Caption-style text data
[Start of Attachment]

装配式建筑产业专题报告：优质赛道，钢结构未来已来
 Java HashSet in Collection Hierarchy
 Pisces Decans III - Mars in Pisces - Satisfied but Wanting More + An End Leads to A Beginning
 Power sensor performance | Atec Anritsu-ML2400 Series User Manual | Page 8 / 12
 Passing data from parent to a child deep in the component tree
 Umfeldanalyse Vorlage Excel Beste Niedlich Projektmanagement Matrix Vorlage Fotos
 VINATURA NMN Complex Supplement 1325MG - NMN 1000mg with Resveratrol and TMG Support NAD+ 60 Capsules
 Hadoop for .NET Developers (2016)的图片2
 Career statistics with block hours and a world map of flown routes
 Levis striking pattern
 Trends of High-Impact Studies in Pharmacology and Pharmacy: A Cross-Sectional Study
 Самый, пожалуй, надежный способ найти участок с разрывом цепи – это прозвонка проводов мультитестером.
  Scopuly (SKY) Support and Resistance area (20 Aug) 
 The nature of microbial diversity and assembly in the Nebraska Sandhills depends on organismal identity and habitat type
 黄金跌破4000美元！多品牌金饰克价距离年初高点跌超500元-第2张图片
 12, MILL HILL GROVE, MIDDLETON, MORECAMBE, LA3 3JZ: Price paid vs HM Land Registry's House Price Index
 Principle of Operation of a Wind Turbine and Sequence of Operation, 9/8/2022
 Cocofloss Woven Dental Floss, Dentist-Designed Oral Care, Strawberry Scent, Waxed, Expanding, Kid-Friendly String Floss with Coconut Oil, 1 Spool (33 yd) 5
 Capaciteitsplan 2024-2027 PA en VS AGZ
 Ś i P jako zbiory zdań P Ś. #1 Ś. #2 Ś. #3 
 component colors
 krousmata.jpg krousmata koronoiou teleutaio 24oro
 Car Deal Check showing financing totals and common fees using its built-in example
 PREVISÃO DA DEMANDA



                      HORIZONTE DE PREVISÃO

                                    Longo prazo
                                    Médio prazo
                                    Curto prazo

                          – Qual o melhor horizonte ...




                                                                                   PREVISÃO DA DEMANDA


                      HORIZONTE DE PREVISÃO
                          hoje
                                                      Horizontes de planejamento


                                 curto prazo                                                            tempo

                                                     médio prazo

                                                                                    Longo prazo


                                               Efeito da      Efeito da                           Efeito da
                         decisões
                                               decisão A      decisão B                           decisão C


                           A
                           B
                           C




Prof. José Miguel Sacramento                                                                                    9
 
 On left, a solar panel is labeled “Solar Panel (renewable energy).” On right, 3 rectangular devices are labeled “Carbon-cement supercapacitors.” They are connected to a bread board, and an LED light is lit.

[End of Attachment]

§ **Brief**:
Copy the lines from the entries above in which the word "component" appears.

§ **Response to the task**:
 Passing data from parent to a child deep in the component tree
 component colors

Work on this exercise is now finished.